Swinburne University researchers have discovered that a compound found in broccoli could potentially treat a rare, incurable genetic neurological disorder that typically proves fatal around the age of 50.
Breakthrough in Rare Disease Research
Associate Professor Faith Kwa leads the Drug Discovery for Chronic Diseases Laboratory at Swinburne University of Technology. Her team has been investigating new treatments for Friedreich ataxia, a rare inherited genetic condition that currently has no cure. The disease affects approximately 260 people in Australia and can have devastating consequences.
Friedreich ataxia is caused by a genetic mutation that leads to decreased amounts of the frataxin protein, resulting in excessive levels of iron in cells throughout the body. Over time, this build-up damages and kills cells, including sensory neurons in the spinal cord that control movement. Symptoms often appear during childhood or adolescence. As the disease progresses, it affects coordination, balance and movement, gradually damaging the nervous system. Many patients lose the ability to walk and require wheelchairs within 10 to 15 years of diagnosis. Speech impairment may become apparent, and people living with the condition face a significantly shortened life expectancy, with some dying around age 50.
Current Treatment Limitations
Despite the severity of the condition, treatment options remain extremely limited. There is currently one US Food and Drug Administration-approved medication, Omaveloxolone, but it is only accessible to people aged 16 and above. While it can help manage symptoms, it does not address the underlying genetic mutation and has not been proven safe for the majority of patients, particularly children. The treatment is also expensive.
Broccoli Compound Shows Promise
Faced with these limitations, Associate Professor Kwa and her team began exploring alternative approaches that could potentially slow or halt disease progression, especially for children diagnosed early. Their investigations pointed to a novel compound found in cruciferous vegetables such as broccoli. The compound, called sulforaphane (SF), has already been widely studied for its health benefits and is known for its anti-cancer properties.
Associate Professor Kwa's team discovered something particularly interesting when studying its effects in sensory neurons derived from skin cells obtained from three patients with different levels of genetic mutations. At the same doses used in cancer studies, rather than harming the cells, SF appeared to protect them. Unlike treatments such as chemotherapy, which can damage healthy cells alongside abnormal ones, SF appears to exert a cell-type specific response, targeting the genetic mutation responsible for Friedreich ataxia and addressing the underlying biological processes linked to the disorder.
Advantages of Sulforaphane
Another advantage is that pure and bioactive SF is already available commercially, with therapeutically beneficial doses starting at roughly $5000 per year. Research indicates that SF is safe and well tolerated by both children and adults. This opens the door to a new therapy that could potentially curb the onset of symptoms, slow disease progression and dramatically improve quality of life for patients.
This cost-effective treatment derived from a sustainable source offers hope not just for symptom management, but for a future where people with Friedreich ataxia can live longer and healthier lives.
Next Steps: Clinical Trials
The next step for Associate Professor Kwa's team is to secure funding for a clinical trial. The trial would test sulforaphane in patients and determine the most effective doses for treating the condition. This critical clinical study could demonstrate that a compound derived from a common vegetable might help tackle one of the world's rarest and most challenging diseases, showing that groundbreaking medical discoveries can begin in the most unexpected places.
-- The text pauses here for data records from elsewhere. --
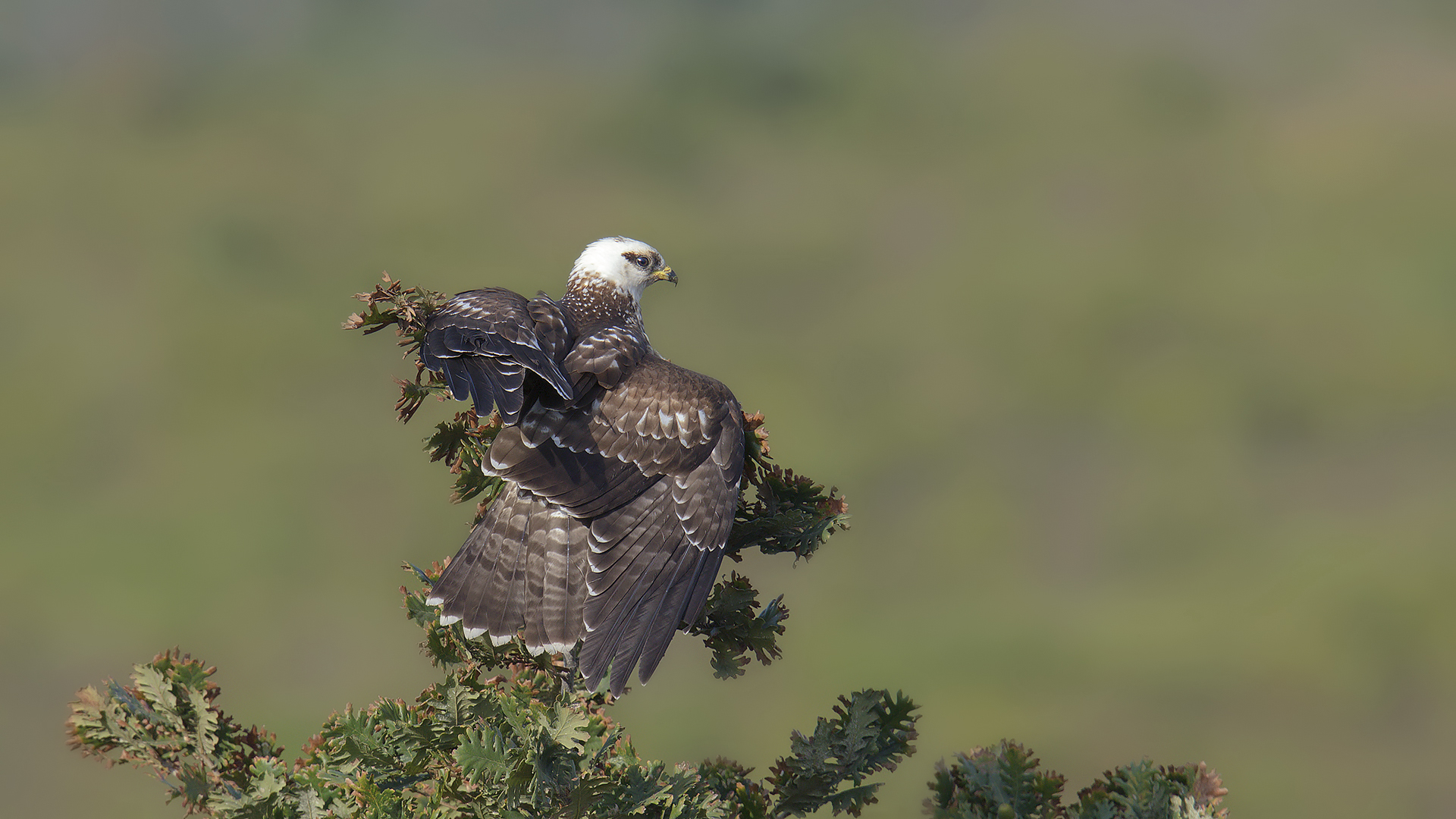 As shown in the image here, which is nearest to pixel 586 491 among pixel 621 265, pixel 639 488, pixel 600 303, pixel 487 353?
pixel 639 488

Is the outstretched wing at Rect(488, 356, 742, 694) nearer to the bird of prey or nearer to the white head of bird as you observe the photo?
the bird of prey

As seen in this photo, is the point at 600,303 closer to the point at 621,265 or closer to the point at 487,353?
the point at 621,265

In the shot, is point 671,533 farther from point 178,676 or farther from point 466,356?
point 178,676

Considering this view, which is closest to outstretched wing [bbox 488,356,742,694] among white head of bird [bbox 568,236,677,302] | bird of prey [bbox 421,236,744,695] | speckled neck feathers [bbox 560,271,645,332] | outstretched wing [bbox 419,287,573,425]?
bird of prey [bbox 421,236,744,695]

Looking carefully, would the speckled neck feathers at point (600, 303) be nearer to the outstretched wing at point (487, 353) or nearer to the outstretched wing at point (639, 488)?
the outstretched wing at point (639, 488)

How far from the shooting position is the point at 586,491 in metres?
5.30

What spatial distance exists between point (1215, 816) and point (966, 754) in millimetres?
1121

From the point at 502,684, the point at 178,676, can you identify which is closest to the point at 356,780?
the point at 502,684

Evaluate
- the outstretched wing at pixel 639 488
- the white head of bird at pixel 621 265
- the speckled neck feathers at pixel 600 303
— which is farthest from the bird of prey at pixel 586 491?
the white head of bird at pixel 621 265

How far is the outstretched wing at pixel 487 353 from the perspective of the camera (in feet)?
16.0

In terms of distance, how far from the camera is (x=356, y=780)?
4391 mm

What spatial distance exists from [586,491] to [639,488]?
325 millimetres

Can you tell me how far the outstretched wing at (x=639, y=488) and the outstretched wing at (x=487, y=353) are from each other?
0.77 ft

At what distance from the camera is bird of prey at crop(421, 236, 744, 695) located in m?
4.98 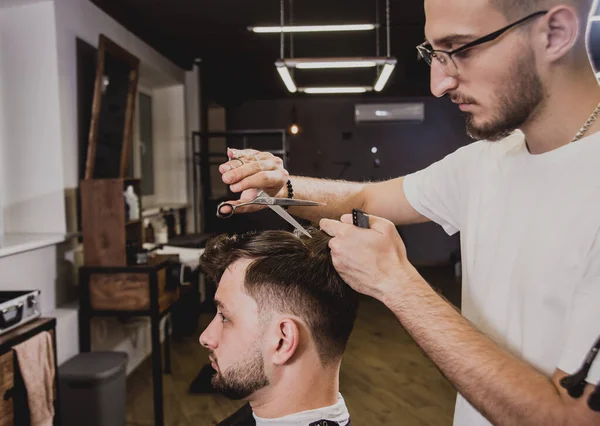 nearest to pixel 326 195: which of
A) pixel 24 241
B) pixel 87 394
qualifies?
pixel 87 394

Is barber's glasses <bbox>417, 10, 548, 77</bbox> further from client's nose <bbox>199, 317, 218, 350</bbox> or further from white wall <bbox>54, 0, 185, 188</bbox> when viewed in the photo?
white wall <bbox>54, 0, 185, 188</bbox>

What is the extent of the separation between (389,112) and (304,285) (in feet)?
23.8

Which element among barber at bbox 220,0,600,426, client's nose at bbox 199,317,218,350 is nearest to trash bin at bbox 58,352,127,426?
client's nose at bbox 199,317,218,350

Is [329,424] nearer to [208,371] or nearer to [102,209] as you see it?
[102,209]

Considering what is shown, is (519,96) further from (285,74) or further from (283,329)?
(285,74)

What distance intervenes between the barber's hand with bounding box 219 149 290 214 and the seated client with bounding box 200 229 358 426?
6.3 inches

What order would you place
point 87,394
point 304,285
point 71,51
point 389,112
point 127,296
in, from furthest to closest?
point 389,112
point 71,51
point 127,296
point 87,394
point 304,285

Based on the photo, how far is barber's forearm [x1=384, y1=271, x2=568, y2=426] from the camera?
78 centimetres

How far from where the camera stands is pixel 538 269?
94 cm

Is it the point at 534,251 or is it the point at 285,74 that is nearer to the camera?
the point at 534,251

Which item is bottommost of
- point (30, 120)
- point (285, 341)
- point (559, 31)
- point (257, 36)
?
point (285, 341)

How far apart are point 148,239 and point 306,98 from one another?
15.7ft

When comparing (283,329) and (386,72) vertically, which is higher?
(386,72)

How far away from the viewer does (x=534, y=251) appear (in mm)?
950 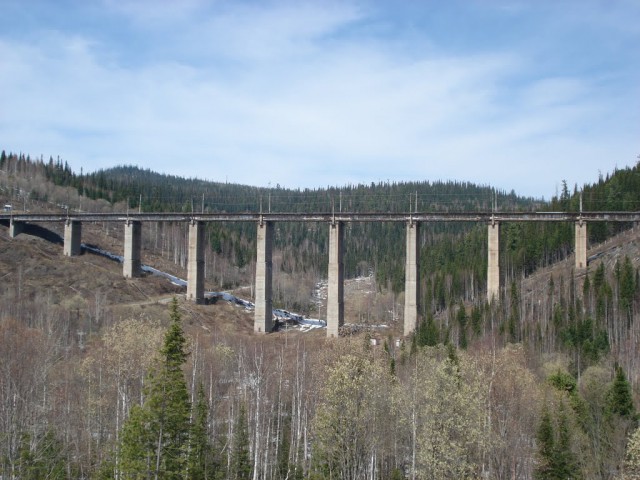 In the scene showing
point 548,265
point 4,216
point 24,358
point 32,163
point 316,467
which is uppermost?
point 32,163

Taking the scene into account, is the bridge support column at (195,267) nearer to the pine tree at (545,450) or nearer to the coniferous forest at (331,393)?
the coniferous forest at (331,393)

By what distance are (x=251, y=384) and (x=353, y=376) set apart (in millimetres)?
12545

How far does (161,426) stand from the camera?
85.2 feet

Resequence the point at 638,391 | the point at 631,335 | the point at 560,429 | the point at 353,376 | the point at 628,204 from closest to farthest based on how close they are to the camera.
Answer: the point at 353,376, the point at 560,429, the point at 638,391, the point at 631,335, the point at 628,204

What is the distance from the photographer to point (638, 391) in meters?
48.6

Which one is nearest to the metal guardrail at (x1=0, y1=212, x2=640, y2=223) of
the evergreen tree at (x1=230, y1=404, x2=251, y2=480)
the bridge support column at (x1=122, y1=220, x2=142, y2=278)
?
the bridge support column at (x1=122, y1=220, x2=142, y2=278)

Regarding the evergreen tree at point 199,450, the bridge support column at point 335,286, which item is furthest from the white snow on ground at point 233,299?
the evergreen tree at point 199,450

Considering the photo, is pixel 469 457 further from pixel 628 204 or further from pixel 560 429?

Associate Professor Kwa is a strong advocate for repurposing naturally occurring compounds as medicines. She notes that these compounds are often readily available, have established safety profiles, and can reach patients faster and at lower cost by reducing regulatory barriers faced by man-made drugs.
One compound she is particularly passionate about is broccoli-derived sulforaphane. SF has a cell type specific effect: It selectively kills cancer cells while protecting cells in the central and peripheral nervous systems through antioxidant and anti-inflammatory actions. This dual activity suggests SF may reduce side effects compared to aggressive treatments like chemotherapy, which kills both cancer and healthy cells.
Crucially, SF can cross the blood–brain barrier, an advantage lacking in many drugs under investigation for neurodegenerative diseases like Friedreich ataxia. The laboratory showed that clinically relevant doses of SF not only improve survival of spinal cord cells generated from stem cells taken from individuals with Friedreich ataxia but also increase frataxin levels.
At approximately $5000 per patient per year, SF is more affordable than the only approved treatment, which costs hundreds of thousands of dollars annually. Sulforaphane exemplifies a future therapy that is sustainable, safe, and accessible to people.